Director: Jordan Graham
Notable Cast: Michael Daniel, Rachel Johnson, Aurora Lowe, Gabriel Nicholson, June Peterson
With the advent of various technologies that allow filmmakers to do things quicker, cheaper, and on their own laptops, perhaps it’s not surprising that the man behind Sator, Jordan Graham, essentially made the film on his own. Director, writer, music, production, and in a relatively candid interview after the first screening of the film at the Telluride Horror Show film festival, he casually mentioned that he built the cabin set of the film with his friend. To say that this film is, at its core, the result of one man's pure will power might be an understatement. The fact that it’s a rather impressive display of arthouse horror is what makes all of the mentioned work by Mr. Graham even more fantastical. Playing with naturalistic horror in a way that begs the question on why A24 hasn’t picked up the film yet is par for the course. The minimalistic approach to most of its plot and narrative can be both frustrating and fascinating.
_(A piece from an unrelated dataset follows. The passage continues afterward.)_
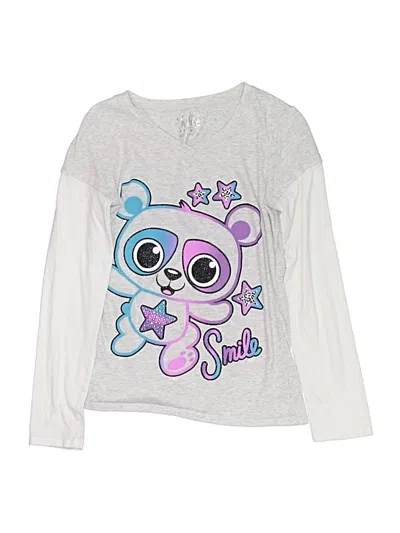 Pre-owned Justice Kids' Long Sleeve T-shirt In Silver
Sator is an intimate film with visual style seeping off the screen and an up-for-interpretation through-line that will certainly appease the horror fans looking for one of those slow burn arthouse horror flicks.
Very quickly, Sator makes use of its realistic tone and feeling. The film, on a narrative level, uses a widescreen and full screen formatting throughout to indicate a change of narrative intention. The full screen is a mixture of home videos and candid interviews of an elderly woman, Nani, explaining her past of automatic writing and, as the film progresses, the strange relationship she has with her “guardian,” the titular and mysterious Sator. She essentially sets up the mythology of the film, where a cult of fur and animal bone laden individuals (real or not and listed as Disciples of Sator in the credits) start to appear to the woman’s grandson, Pete, who has decidedly cut himself off from the world – and to a smaller extent his family – by moving out to the woods in a small cabin on his own. Sator is Pete’s story and his isolation, fear, and lacking purpose drive the narrative and emotional themes of the film.
Although all of that above certainly sets up the plot of the film, Sator is not really invested in a plot. It’s invested in the narrative. Not the why things happen in the order they do, but the manner that it’s shown onscreen and resonating emotionally with the characters and vicariously to the audience. The meticulous pacing of the film partnered with the naturalistic and minimalist approach to storytelling can be difficult for a viewer. Backstories and familial relationships are only loosely drawn together while the actual onscreen horror doesn’t really arrive until the third act with hints at the supernatural elements in the majority of the film. What Sator does succeed at is crafting such a dense and natural sense of existential dread that it’s hard not to hold one’s breath as they are attempting to piece together the film's parts and figure out what is going to happen. Those hints at something more sinister and powerful make for some fantastic sequences, including the discovery of a woman tied to a tree at night that results in a quick but shocking chase sequence, and director/writer/producer/man-at-arms Graham ably navigates most of the pitfalls of his choices. The visuals are often striking, the performances are allowed to breathe and settle in the character beats, and the culmination in the third act is at times surprisingly violent and yet melancholic.
Sator is going to be a film that ultimately divides horror fans. It’s arthouse and minimalistic approach to setting up its story and executing it will undoubtedly leave more casual horror fans bored or disconnected from it. Like many films of this variety, Sator requires its audience to give in to its style and work at putting the pieces together themselves. The unanswered questions certainly nag after the film’s credits fade, but it’s a film that does linger. The visuals and emotional weight of it carry it further than expected. Here’s to hoping that some studios see the heart, intimacy, and talents of Jordan Graham and give him a bigger budget to complete his next feature. If this is what he can do with his own two hands, imagine what the future holds with some financial support and the talents of other strong creative voices.